Contudo, tenho curiosa lembrança que o seu documento de Identidade nunca foi objeto de cofre, apesar de não ser, também, algo tão acessível, guardado em sua cômoda, sobre o que me ponho a matutar a verdade dos dados. Antigamente, em pequenas vilas e cidades interioranas o registro de nascimento era por declaração do pai, nem sempre com datas corretas. Há histórias que um determinado pai ao se dirigir à Comarca esqueceu as datas de nascimento e registrou todos os quatro filhos em igual dia.
Depois que minha avó deixou de ser nossa, mais dúvidas foram lançadas sobre a idade pela sobrinha Mercedes, filha do irmão Artur, afirmando categoricamente ter minha avó falecido aos 92 anos, posto que era mais velha dois anos que o seu pai. Este fato, tenho certeza absoluta ter causado desassossego e um franzir de cenho reprovador na face espiritual de Dona Benzinha.

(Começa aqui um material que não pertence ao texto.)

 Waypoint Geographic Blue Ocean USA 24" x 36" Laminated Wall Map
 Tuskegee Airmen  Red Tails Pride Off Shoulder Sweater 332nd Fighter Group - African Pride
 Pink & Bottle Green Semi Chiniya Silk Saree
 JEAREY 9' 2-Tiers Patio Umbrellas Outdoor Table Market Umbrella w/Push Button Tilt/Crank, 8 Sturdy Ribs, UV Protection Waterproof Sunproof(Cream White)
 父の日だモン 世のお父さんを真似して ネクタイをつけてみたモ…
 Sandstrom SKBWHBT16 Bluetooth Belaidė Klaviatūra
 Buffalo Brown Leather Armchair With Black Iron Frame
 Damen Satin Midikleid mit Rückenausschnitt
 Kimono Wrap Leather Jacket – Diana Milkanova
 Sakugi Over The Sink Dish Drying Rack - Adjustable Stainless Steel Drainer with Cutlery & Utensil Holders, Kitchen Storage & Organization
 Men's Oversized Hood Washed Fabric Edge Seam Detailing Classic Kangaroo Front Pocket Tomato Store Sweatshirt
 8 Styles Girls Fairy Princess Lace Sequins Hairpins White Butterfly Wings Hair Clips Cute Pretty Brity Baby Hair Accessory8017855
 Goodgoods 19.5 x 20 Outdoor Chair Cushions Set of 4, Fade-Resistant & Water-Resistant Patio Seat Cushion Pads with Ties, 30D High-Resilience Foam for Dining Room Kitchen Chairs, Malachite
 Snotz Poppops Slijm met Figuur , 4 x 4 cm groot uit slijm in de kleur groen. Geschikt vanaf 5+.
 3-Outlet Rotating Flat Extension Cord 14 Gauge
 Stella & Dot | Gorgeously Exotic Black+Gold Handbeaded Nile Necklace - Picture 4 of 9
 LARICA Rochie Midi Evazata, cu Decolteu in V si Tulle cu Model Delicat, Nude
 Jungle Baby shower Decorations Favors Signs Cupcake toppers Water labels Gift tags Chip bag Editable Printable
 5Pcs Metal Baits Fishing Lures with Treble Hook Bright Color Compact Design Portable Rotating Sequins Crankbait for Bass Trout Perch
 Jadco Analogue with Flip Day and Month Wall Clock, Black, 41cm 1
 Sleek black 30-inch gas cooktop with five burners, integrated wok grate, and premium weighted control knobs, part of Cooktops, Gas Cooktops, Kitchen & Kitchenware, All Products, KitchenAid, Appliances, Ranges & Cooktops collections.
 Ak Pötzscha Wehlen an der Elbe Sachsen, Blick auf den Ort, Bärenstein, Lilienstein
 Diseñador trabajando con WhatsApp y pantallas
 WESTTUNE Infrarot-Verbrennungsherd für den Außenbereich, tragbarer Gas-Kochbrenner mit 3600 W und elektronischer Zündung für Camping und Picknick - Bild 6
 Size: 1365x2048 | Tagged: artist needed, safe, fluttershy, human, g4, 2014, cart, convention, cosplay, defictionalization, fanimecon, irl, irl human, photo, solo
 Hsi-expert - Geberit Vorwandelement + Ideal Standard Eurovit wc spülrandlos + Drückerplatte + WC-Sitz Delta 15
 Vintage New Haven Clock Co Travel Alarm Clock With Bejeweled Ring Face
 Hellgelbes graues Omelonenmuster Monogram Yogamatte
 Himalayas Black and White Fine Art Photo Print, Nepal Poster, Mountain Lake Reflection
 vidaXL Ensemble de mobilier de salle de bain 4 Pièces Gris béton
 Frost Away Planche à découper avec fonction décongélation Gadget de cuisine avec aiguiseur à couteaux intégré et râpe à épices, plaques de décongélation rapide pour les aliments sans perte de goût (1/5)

Resultado, paira sobre as nossas carinhosas memórias a linda convicção de que nunca saberemos a idade real da minha avó e, mais, certeza tenho que ela não declarou quantos anos tinha para entrar no céu e ouço a sua voz firme e autoritária: ”Que conversa besta é essa São Pedro?!” O Porteito do Céu deve ter sorrido e permitido a entrada. Dona Benzinha não era fácil não!
Minha avó e os seus oito filhos, aniversário de “80” anos.